Since it was founded back in the 1950s, Earth Day has been observed on 22 April each year. You could say that every day should be Earth Day, for what is earth if not our home, the planet on which we depend day to day for all our bodies need and demand? But like all commemorative and special days and weeks, Earth Day serves to raise awareness and create a space for debate. As climate and nature emergency have become more widely acknowledged, but net zero proves a divisive issue, Earth Day takes us back to what it’s all about.
One way to focus on what matters most, to reflect and discuss and express, is through creativity. Following climate and nature reports in the media can be confusing, even overwhelming, and there’s a lot to absorb. Creativity turns that around so we become productive and active. For me, that’s one of creativity’s most positive impacts in general: being creative on any theme is something tangible to do and reduces overthinking or apathy. That’s why I think a creative response to climate and nature issues can be so helpful. Time spent wondering about facts and figures or worrying about the latest dire predictions can be just as well spent, if not better, using art and craft to explore these issues.
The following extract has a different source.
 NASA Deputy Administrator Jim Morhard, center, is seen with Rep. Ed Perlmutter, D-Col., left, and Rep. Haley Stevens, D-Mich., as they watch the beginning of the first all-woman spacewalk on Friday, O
Take eco grief. Do you feel deep sadness about biodiversity loss, the likely impacts of a warming planet, or plastic pollution? Many people do now, and like any form of grief or bereavement, eco grief can produce feelings of anger, disbelief and despair. It can also be a profoundly lonely experience, if you feel others do not share or understand your grief. Art and craft can help you lament, a traditional word that’s all about expressing and exploring grief, not shutting it away. Giving yourself the time and opportunity to wade through the flood waters, to let the rain fall on you, to face what is happening head on. Visualize what you mourn about the climate and nature emergency – imagine a place, an ecosystem, a scene, maybe before and after – a thriving scene full of life, become a desolate, bare space. Draw or paint or create a collage of what you visualize. Experiment and don’t hold back. You could cut up your artwork when you’ve finished, or throw paint over it, or scrawl all over it, to symbolize and express your anger or bitterness.
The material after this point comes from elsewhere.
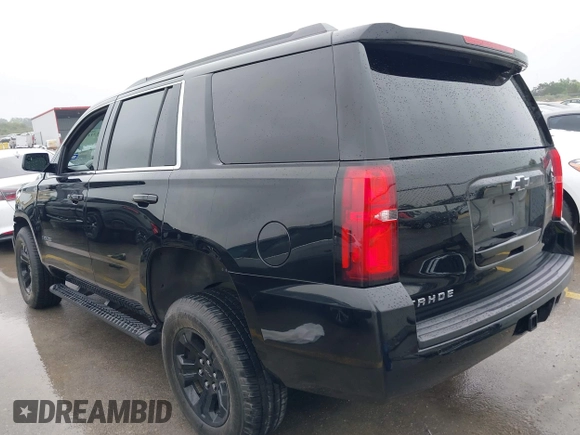 2020 Chevrolet Tahoe LS with VIN 1GNSCAKC5LR275173, listed as a IAAI auction lot 41931311 with 86,780 mi miles and . Bid and sale history available at DreamBid. Image 3.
Art and craft can also help you celebrate what remains, or what once was, remembering nature’s continuity and beauty, and motivating you not to give up hope that change may come, at whatever level.
And art and craft can become ways to re-imagine. Picture what the change we need would look like. Use this to call and lobby for action, but also to embody this change in little everyday ways. Craftivism gives many people something specific and concrete to hold on to. Make a banner, or an imaginative card to send to local decision makers, take part in a craftivist campaign, make a bug hotel, or get into upcycling, repurposing and support a repair cafe.
Creativity can usher in change we do want, and help us resist the change we don’t want – within and without.